The University of Texas System estimates that this fee increase will generate approximately $0.9 million in fiscal year 2026, rising to $4.1 million in fiscal year 2027, and leveling off at around $5.5 million annually beginning in fiscal year 2028. These revenues are intended exclusively for the financing, construction, operation, maintenance, and potential demolition of the existing student union building at UTEP. Since these funds are collected from student fees and not from state appropriations, the policy shifts the burden to the student body rather than taxpayers.
Furthermore, there is no significant fiscal implication expected for local governments. The legislation is narrowly focused on a specific public institution and does not involve any local subsidies, grants, or infrastructure obligations that would affect city or county budgets. Overall, HB 2853 is fiscally self-contained at the institutional level, with no material effect on broader governmental budgets.
Students already face significant costs for tuition, housing, and living expenses, HB 2853 increases the financial burden on students at The University of Texas at El Paso by substantially raising mandatory student union fees . Adding an additional fee of up to $150 per semester—five times the current cap—moves higher education even further out of reach for many Texans. Even though the bill phases in the increase, the financial impact is real and immediate for students, many of whom are already struggling to afford a college education.
This legislation also grows the size and authority of a public university by expanding its power to mandate fees without requiring ongoing consent from future student bodies. Students who did not vote in the 2024 referendum will still be bound to pay these fees, creating a durable financial obligation that outlasts the original approving voters.
Passing HB 2853 sets a concerning precedent for other public institutions to seek large fee increases, contributing to the overall trend of escalating costs in higher education.
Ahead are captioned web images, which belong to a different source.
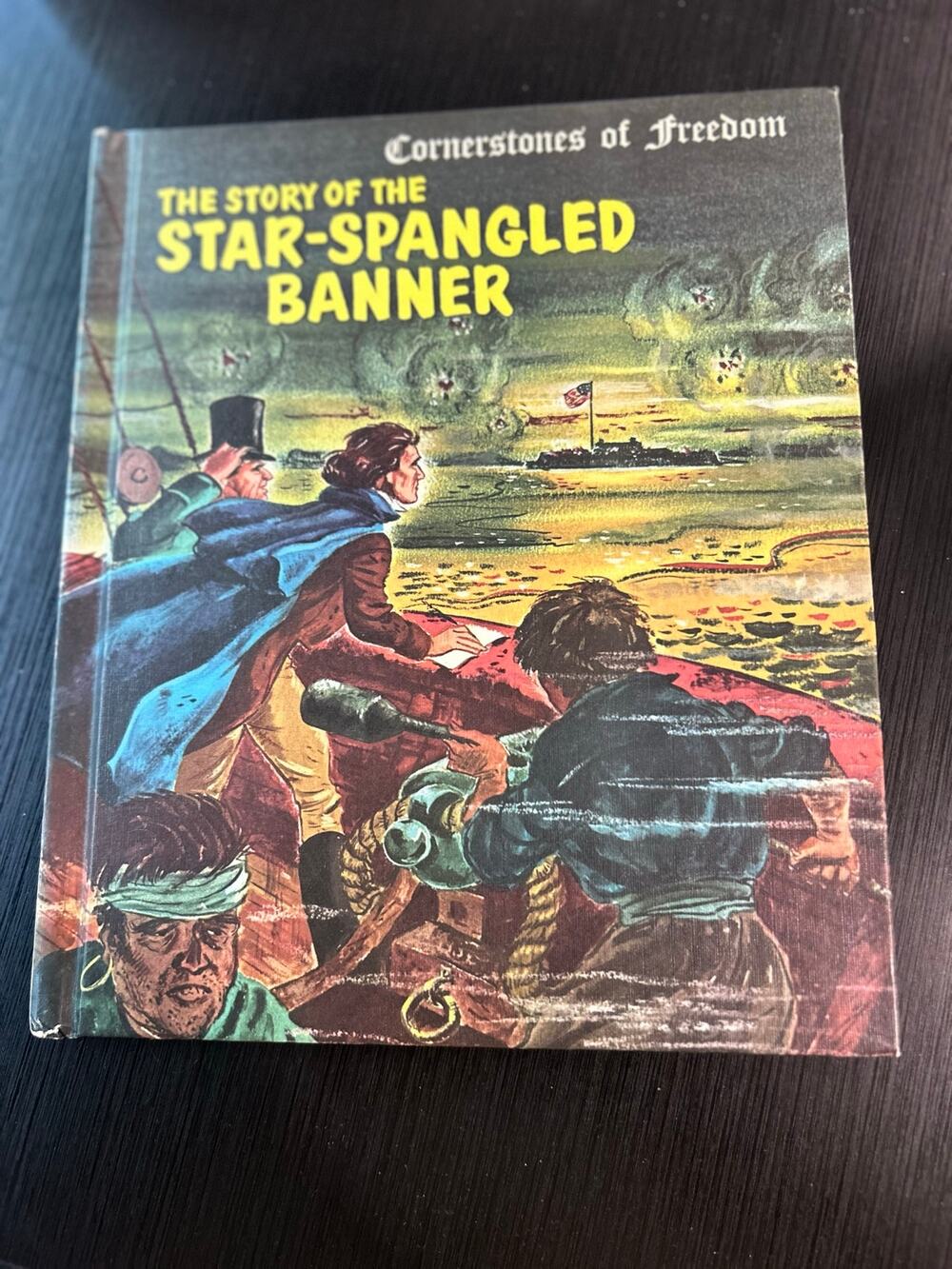 The Story of the Star-Spangled Banner 1965 Cornerstones of Freedom HC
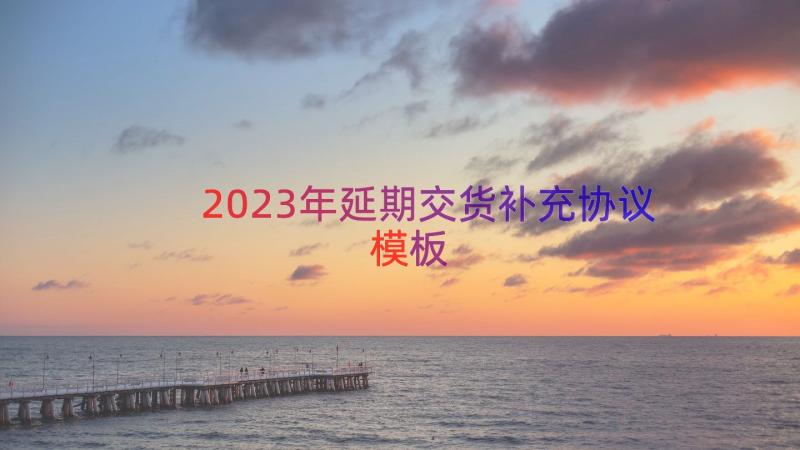 2023年延期交货补充协议（模板17篇）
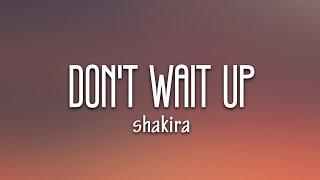 Shakira - Don't Wait Up (Lyrics)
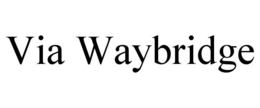 VIA WAYBRIDGE trademark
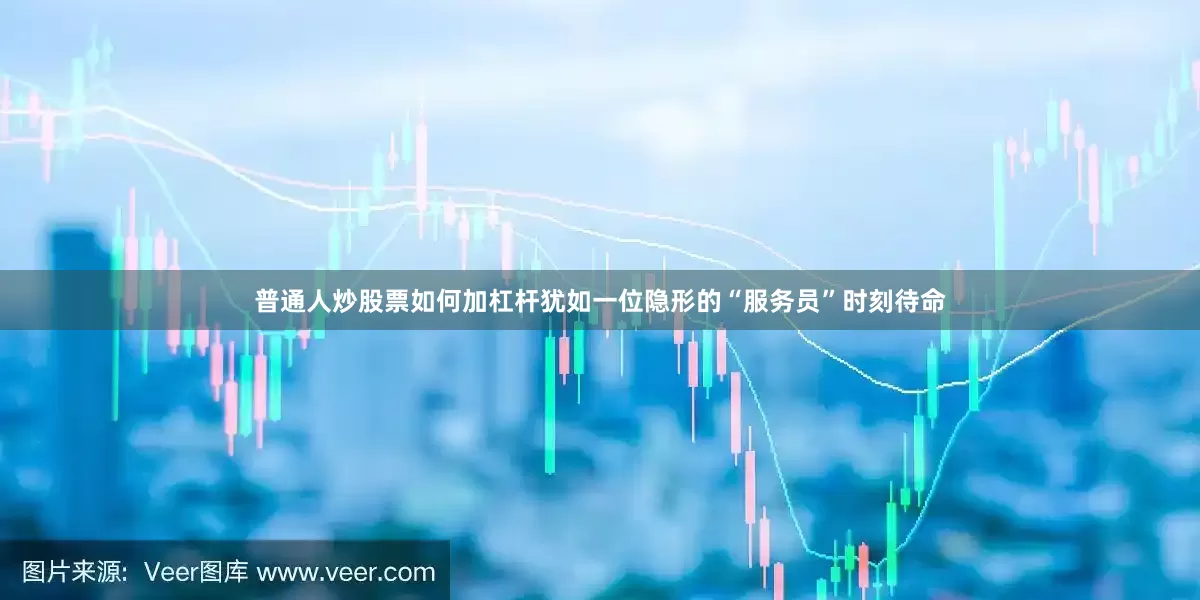普通人炒股票如何加杠杆犹如一位隐形的“服务员”时刻待命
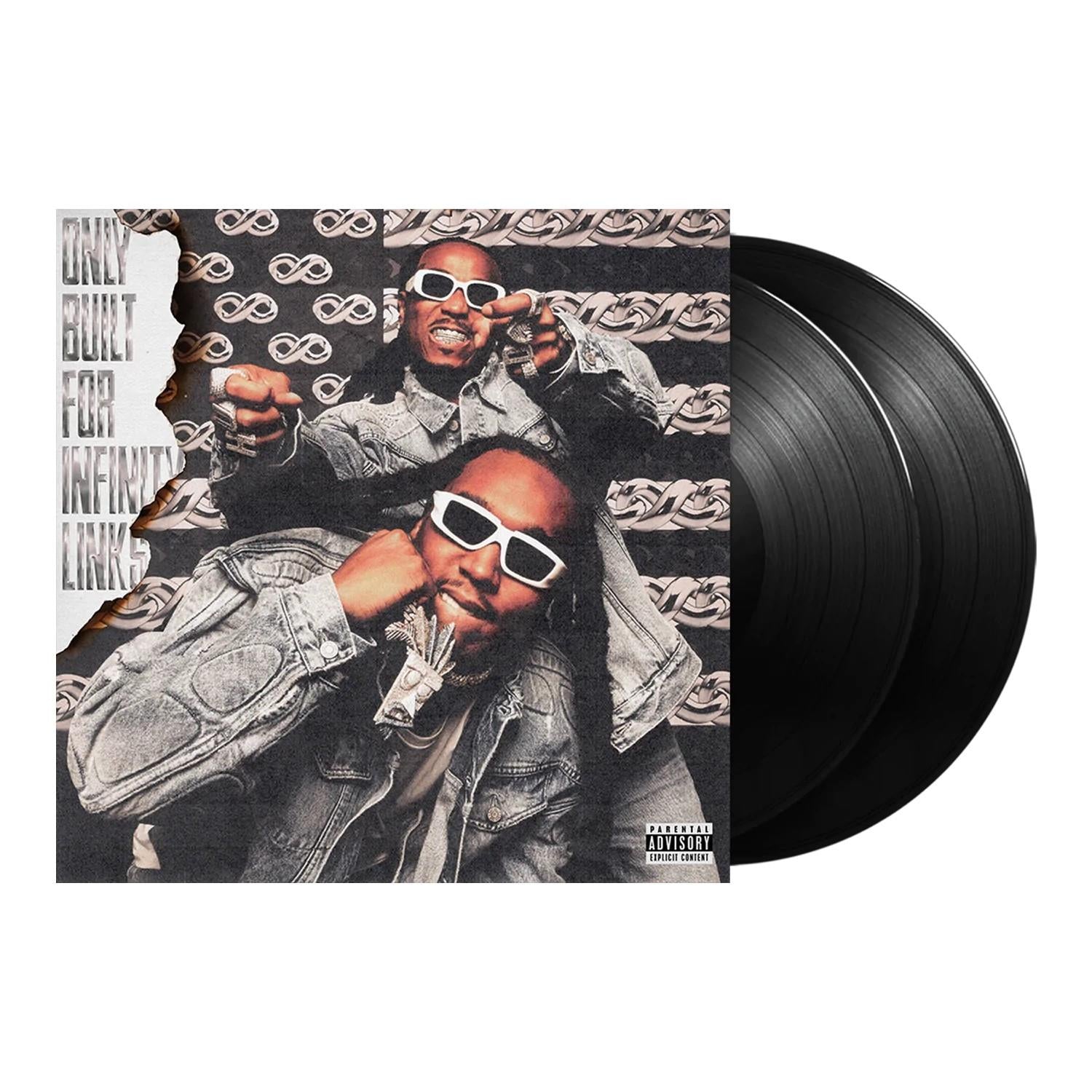 Only Built For Infinity Links (Vinyl) - By: Quavo & Takeoff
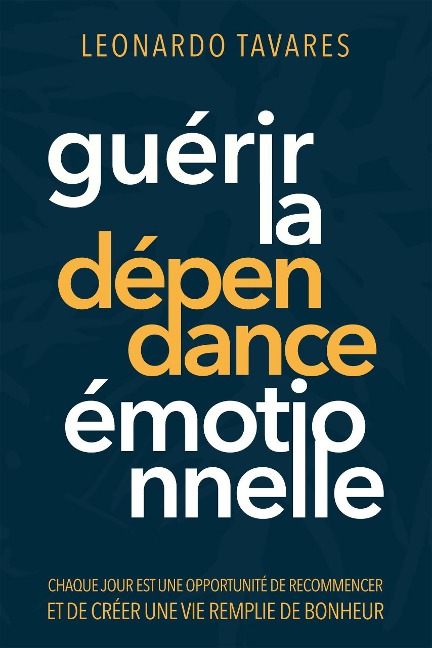 Guérir la Dépendance Émotionnelle - Leonardo Tavares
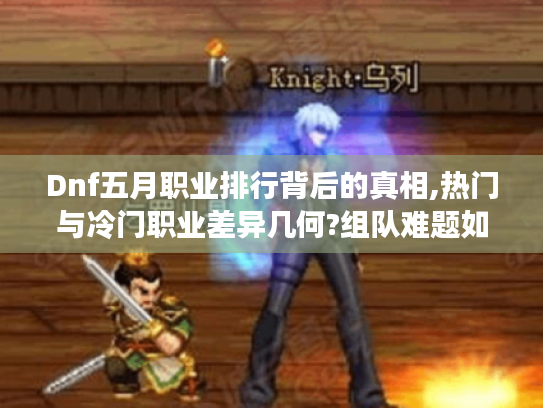 Dnf五月职业排行背后的真相,热门与冷门职业差异几何?组队难题如何解? Dnf五月职业排行背后的真相,热门与冷门职业差异几何?组队难题如何解?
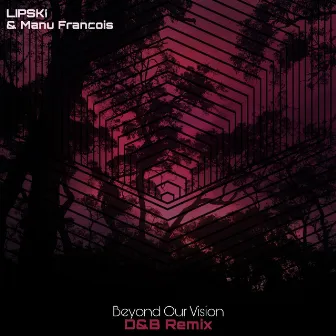 Beyond Our Vision (D&B Remix) by Manu Francois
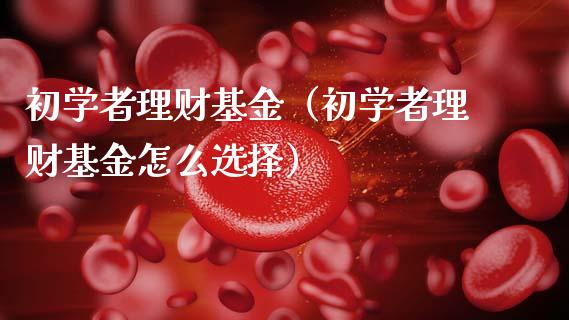 初学者理财基金（初学者理财基金怎么选择）_https://www.apanben.com_国际财经_第1张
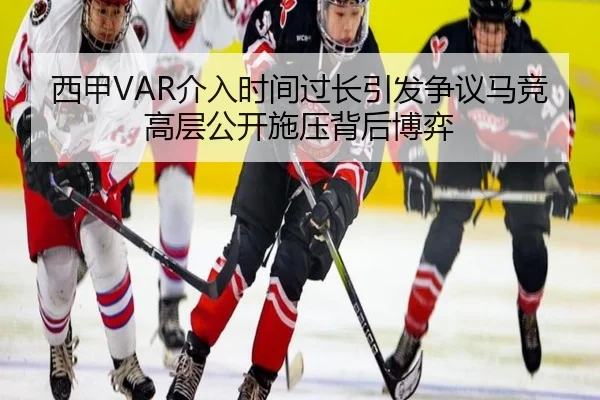 西甲VAR介入时间过长引发争议马竞高层公开施压背后博弈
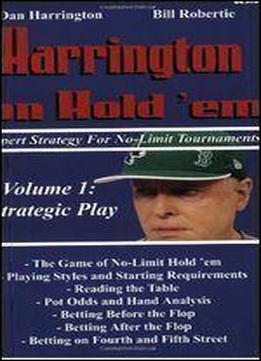Harrington On Hold 'em Expert Strategy For No Limit Tournaments, Vol. 1: Strategic Play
Rather than pursuing more responsible alternatives like alumni fundraising, private donations, or internal budget reprioritization, the university would be shifting costs directly onto students — the least financially empowered group involved.
Finally, the bill undermines broader efforts to make college more affordable and accessible in Texas. At a time when there is bipartisan recognition of the need to reduce barriers to higher education, HB 2853 moves in the wrong direction by normalizing higher fees and greater student debt.
For these reasons — protecting affordability, respecting financial responsibility, and limiting unnecessary government expansion — Texas Policy Research recommends that lawmakers vote NO on HB 2853.